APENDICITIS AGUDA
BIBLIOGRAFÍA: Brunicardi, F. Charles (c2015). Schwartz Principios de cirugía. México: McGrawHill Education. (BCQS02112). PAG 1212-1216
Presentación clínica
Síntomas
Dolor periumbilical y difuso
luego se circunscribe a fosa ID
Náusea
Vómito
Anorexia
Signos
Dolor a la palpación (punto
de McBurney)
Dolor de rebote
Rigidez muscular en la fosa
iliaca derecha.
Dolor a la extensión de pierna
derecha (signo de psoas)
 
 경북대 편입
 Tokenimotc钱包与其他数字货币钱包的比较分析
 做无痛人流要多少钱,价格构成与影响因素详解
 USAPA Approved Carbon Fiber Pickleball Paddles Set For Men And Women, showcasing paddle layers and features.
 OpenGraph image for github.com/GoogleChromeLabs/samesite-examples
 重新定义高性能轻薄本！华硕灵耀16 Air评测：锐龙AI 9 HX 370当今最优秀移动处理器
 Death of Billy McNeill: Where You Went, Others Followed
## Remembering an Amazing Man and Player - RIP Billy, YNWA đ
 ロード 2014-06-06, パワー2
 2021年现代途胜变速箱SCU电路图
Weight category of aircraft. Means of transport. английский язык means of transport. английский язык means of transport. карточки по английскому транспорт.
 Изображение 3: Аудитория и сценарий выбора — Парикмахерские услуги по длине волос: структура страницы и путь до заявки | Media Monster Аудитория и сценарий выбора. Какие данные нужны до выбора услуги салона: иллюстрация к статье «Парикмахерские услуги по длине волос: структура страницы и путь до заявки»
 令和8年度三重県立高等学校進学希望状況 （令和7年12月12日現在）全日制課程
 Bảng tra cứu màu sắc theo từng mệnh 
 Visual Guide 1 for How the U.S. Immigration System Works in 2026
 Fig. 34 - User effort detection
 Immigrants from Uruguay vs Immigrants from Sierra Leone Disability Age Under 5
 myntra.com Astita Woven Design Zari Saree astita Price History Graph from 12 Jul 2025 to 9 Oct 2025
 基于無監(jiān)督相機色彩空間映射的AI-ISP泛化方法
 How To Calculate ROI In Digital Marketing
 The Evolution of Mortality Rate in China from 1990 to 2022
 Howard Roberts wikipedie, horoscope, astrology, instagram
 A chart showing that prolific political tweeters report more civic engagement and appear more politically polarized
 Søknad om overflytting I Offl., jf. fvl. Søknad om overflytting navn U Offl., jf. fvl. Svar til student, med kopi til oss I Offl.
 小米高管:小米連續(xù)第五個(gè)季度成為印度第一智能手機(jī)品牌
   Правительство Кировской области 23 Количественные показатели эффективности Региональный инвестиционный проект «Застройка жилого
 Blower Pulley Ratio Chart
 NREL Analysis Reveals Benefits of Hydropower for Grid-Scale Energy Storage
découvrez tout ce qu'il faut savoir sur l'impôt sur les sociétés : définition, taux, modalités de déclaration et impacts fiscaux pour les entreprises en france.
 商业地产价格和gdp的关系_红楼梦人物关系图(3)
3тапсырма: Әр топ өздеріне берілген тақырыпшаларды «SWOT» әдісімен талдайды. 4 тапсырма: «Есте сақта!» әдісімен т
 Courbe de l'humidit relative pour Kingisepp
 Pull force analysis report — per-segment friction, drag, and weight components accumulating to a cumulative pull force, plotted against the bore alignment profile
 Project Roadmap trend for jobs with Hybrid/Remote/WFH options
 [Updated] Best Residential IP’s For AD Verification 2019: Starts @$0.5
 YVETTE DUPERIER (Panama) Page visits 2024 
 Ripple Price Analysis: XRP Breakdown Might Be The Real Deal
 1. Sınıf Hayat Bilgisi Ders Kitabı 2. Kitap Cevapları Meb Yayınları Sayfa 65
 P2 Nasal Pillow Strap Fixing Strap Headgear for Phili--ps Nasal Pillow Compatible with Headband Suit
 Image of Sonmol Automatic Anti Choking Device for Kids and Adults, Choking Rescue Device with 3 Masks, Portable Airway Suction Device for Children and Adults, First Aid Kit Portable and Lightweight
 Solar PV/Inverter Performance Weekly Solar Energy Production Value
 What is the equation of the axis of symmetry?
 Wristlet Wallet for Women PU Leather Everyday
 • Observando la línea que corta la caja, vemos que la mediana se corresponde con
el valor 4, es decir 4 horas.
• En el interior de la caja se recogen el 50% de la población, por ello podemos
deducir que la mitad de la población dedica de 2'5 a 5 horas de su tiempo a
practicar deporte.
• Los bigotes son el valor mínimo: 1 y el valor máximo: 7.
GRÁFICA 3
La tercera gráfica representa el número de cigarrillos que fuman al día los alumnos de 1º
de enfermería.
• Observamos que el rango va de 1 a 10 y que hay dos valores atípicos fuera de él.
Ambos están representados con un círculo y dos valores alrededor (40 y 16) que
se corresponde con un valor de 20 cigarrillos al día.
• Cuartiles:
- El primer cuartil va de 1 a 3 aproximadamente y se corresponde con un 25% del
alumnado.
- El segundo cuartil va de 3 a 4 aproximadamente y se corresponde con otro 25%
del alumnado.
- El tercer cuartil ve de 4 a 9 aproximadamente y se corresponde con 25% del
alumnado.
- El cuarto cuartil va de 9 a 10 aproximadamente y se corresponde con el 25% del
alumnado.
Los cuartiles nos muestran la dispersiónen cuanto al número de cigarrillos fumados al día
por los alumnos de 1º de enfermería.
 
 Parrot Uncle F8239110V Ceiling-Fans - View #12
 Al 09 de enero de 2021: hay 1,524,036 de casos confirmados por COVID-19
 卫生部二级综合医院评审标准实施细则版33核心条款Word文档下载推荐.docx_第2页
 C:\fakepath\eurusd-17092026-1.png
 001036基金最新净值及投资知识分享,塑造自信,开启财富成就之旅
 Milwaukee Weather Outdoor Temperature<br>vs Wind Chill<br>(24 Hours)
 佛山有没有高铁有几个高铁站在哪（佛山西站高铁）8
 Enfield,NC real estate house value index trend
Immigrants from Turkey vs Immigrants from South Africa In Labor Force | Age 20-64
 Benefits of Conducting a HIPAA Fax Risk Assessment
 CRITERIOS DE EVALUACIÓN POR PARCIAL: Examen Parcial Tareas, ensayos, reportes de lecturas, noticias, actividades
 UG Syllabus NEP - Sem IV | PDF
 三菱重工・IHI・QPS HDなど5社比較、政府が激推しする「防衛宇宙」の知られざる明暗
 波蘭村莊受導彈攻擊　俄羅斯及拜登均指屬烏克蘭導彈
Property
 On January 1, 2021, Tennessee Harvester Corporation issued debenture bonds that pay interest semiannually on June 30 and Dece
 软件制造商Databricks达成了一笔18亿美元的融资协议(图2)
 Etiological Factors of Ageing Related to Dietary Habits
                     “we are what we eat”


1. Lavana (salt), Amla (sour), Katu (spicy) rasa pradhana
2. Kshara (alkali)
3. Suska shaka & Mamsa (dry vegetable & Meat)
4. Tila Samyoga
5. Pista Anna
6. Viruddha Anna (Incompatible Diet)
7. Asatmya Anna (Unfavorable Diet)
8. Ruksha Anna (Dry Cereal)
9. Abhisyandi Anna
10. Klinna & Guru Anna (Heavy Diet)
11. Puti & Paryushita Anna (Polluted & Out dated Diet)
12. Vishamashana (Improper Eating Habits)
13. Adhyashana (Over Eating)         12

┄┄┄┄┄┄

ABOUT THIS EXERCISE: The lines above from the one with "[Updated] Best Residential" through the one with "P2 Nasal Pillow" are to be duplicated exactly, ends included, with nothing added.

RESPONSE:
 [Updated] Best Residential IP’s For AD Verification 2019: Starts @$0.5
 YVETTE DUPERIER (Panama) Page visits 2024 
 Ripple Price Analysis: XRP Breakdown Might Be The Real Deal
 1. Sınıf Hayat Bilgisi Ders Kitabı 2. Kitap Cevapları Meb Yayınları Sayfa 65
 P2 Nasal Pillow Strap Fixing Strap Headgear for Phili--ps Nasal Pillow Compatible with Headband Suit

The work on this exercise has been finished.